Scraped caption text data
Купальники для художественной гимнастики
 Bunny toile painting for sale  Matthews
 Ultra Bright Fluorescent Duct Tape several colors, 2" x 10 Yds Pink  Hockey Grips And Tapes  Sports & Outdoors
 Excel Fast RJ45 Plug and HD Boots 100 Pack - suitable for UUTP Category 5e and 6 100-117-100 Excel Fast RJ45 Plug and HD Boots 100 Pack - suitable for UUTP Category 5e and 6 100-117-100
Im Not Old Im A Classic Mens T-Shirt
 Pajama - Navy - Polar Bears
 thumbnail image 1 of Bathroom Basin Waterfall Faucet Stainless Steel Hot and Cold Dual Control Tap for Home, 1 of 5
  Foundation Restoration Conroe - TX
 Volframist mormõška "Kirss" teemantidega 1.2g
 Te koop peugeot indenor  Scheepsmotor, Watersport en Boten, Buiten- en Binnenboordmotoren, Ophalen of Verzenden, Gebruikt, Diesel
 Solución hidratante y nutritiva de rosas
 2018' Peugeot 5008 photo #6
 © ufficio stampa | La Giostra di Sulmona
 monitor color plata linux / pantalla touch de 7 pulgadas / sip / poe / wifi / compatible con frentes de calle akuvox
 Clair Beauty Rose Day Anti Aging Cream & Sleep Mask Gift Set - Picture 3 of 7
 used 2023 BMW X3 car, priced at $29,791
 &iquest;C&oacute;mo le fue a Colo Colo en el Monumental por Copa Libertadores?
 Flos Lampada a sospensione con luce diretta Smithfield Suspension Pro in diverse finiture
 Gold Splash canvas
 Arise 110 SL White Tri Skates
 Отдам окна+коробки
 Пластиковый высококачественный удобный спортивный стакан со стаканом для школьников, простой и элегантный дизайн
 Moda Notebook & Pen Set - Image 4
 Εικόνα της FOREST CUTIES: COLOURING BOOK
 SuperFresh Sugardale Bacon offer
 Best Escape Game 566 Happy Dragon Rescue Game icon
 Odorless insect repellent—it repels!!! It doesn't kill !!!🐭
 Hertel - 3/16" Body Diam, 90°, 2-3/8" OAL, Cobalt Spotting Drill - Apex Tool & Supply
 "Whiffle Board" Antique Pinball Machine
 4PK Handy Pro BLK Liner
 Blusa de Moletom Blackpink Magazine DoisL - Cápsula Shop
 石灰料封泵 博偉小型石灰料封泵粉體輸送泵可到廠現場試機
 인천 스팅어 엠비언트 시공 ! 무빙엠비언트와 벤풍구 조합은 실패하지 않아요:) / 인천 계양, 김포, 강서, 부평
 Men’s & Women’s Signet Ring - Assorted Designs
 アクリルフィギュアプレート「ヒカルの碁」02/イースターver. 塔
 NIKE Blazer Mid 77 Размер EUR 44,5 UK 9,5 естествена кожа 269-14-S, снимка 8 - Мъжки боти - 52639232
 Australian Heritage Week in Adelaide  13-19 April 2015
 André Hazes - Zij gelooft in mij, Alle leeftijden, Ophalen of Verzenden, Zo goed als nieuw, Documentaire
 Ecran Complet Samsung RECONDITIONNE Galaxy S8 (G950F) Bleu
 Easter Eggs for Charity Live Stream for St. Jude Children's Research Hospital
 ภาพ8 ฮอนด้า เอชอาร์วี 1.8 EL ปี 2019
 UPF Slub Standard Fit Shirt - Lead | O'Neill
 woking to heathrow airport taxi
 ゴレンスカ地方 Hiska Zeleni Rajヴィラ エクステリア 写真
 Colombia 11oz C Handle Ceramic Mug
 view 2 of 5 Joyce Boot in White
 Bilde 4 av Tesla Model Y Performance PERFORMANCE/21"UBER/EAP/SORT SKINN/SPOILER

_INSTRUCTIONS FOR THE TASK_. For each line above that holds the string "Ophalen", provide a copy of that line.

_RESPONSE TO THE EXERCISE_.
 Te koop peugeot indenor  Scheepsmotor, Watersport en Boten, Buiten- en Binnenboordmotoren, Ophalen of Verzenden, Gebruikt, Diesel
 André Hazes - Zij gelooft in mij, Alle leeftijden, Ophalen of Verzenden, Zo goed als nieuw, Documentaire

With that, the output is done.